Mientras estuve sola en Londres, en la inmensa casa de Belgravia, durante las ausencias interminables de Chris, acariciaba la idea de viajar con él, los dos, durante meses enteros. Aquellas escapadas mentales me mantenían distraída, y actuaban de sedante.

Yo siempre había sido reacia a moverme. Incluso en los años en los que me dediqué a cantar me enfrentaba a los viajes con más sumisión que otra cosa: era una orden más, ineludible, que había que acatar. Me sentía un bote, una barca que hiciera agua y soportara una expedición, otra, otra, hasta que el casco reventara definitivamente y me quedara varada en la orilla.

Sin embargo, cuando dejé de viajar, en los años de universidad y luego, más tarde, cuando me veía obligada a permanecer en Inglaterra, soñaba con largos trayectos en tren, con escapadas al extranjero.

No me cegaba el espejismo de lo exótico: deseaba conocer los mismos lugares en los que estuve de un modo que no tuve ocasión de experimentar.

Vivo lo mismo ahora que me ancla el colegio, que no me queda más remedio que pasar aquí día tras día, presa. Intento recordar hasta qué punto me hastiaron los viajes, el incesante vaivén, pendiente de las maletas, del humor de Chris, de que supiéramos hacernos entender o no confundiéramos los horarios, pero no me es de gran ayuda.

Creo que mi obligación ahora es marchar mucho más lejos: a África, o a Asia, o a aquel Estambul de pañuelos ondulantes que vio crecer a Chris. No importa el lugar… y sin embargo, siento tal resistencia a moverme, a abandonar este colegio, estos niños, tantos anhelos de inmovilidad…

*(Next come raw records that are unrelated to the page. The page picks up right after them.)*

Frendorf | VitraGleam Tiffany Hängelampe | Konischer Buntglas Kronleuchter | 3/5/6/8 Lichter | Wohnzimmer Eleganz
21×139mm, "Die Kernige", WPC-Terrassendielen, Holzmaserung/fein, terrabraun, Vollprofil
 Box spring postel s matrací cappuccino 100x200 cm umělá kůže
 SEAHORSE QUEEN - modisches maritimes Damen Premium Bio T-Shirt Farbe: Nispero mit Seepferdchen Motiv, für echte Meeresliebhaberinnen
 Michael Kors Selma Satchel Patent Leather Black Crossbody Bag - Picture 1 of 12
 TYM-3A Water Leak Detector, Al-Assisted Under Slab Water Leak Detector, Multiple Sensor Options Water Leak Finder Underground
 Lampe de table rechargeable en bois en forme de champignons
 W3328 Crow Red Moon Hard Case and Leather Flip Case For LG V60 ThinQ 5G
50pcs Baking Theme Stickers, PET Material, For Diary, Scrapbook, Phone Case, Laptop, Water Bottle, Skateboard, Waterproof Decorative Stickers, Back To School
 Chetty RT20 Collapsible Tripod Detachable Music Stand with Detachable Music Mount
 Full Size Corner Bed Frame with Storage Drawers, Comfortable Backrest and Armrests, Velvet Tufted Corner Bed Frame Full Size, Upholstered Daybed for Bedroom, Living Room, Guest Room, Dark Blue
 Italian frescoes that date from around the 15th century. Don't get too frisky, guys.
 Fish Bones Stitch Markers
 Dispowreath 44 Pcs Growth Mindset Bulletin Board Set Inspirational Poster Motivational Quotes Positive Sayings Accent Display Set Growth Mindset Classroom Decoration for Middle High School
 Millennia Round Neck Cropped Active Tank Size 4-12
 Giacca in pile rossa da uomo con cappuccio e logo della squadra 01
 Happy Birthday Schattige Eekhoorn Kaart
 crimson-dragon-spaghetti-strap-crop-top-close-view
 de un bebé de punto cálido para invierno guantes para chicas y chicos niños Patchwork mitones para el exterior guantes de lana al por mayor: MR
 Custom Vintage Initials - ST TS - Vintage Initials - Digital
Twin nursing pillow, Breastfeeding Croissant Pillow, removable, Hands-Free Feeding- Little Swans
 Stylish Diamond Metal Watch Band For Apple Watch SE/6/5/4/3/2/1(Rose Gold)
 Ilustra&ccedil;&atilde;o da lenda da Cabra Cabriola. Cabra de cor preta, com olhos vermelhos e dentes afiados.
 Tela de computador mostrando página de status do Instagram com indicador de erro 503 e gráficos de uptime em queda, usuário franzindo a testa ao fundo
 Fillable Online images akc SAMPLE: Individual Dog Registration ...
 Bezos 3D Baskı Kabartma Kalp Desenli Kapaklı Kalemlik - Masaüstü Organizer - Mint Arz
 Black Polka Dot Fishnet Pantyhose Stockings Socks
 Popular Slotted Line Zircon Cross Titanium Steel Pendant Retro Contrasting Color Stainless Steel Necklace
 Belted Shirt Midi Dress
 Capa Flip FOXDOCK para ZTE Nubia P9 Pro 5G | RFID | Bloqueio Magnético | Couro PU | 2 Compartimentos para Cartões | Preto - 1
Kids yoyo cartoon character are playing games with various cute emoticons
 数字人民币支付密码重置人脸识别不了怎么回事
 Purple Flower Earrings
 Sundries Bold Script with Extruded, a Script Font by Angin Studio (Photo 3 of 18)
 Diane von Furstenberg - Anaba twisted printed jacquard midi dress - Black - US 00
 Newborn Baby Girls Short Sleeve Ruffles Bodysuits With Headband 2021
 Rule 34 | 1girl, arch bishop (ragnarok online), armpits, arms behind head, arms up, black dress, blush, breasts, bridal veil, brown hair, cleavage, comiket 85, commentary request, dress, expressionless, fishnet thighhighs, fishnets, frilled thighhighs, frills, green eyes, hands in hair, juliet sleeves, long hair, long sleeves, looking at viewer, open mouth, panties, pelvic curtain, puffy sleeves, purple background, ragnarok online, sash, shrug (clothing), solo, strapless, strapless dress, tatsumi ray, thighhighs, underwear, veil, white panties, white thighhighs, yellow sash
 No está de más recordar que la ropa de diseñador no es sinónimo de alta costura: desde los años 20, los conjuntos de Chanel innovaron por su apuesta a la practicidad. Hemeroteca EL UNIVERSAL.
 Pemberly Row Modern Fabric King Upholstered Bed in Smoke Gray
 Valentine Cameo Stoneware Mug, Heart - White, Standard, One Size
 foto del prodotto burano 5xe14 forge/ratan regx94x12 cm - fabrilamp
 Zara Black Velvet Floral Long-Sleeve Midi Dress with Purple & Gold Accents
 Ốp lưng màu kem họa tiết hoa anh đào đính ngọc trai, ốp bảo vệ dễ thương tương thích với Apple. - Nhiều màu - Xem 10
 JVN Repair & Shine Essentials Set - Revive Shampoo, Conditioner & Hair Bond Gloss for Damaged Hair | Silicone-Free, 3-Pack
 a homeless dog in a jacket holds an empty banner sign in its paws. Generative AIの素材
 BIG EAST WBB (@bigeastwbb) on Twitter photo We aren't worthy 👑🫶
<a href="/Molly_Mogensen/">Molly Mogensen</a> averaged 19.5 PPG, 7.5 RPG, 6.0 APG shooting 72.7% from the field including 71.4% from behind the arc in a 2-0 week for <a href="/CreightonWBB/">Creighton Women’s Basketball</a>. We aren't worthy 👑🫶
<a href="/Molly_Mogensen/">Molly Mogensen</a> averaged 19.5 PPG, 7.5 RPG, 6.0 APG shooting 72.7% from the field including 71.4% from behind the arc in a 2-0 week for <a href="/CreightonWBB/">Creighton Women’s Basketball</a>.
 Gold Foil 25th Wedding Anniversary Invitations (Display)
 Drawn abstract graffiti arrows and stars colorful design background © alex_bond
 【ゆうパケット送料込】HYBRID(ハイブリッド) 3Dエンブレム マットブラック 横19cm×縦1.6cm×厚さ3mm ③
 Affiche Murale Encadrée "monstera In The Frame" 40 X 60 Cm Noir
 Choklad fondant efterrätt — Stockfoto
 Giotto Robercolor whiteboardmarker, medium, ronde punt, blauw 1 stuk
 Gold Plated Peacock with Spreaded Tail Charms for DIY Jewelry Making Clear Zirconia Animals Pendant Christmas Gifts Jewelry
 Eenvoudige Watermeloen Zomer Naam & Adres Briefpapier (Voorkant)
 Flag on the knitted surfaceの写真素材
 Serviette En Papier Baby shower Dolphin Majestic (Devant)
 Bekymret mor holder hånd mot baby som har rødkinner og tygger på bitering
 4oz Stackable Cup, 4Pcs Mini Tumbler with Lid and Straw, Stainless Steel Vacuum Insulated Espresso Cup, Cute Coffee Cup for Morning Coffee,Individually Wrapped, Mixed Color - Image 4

Al poco tiempo dejé de planear viajes. No tenía objeto soñar con lugares en los que ya había estado Chris, que podía describirme y en los que podía orientarse. Y él había visitado ya todos los rincones del mundo. Poco a poco, todas las ciudades se convirtieron en la misma, grandes ciudades americanas apiñadas en torno a los centros comerciales y un río mortecino, ciudades europeas con iglesias de cúpulas antiquísimas y cementerios llorando los muertos de la guerra, y hoteles, docenas de hoteles, alfombras azules, rojas o verdes, baños blancos, sábanas blancas, amables sonrisas obsequiosas, desayunos de seis a diez, lavandería en el día con tan sólo dejar en la manilla la bolsa colocada a tal objeto en el armario, maletas, ceros marcados antes de cualquier número de teléfono… Viajábamos, pero no nos movíamos. Tal vez el viaje hubiera sido posible diez, veinte años antes.

Ahora el mundo era un mismo lugar.

Cuando me asaltaba la nostalgia del color y la luz de otros cielos, me asomaba a la ventana y volaba.

El deseo se había cumplido; me había convertido en una barca con el fondo roto. En pago a mis plegarias me habían concedido la inmovilidad.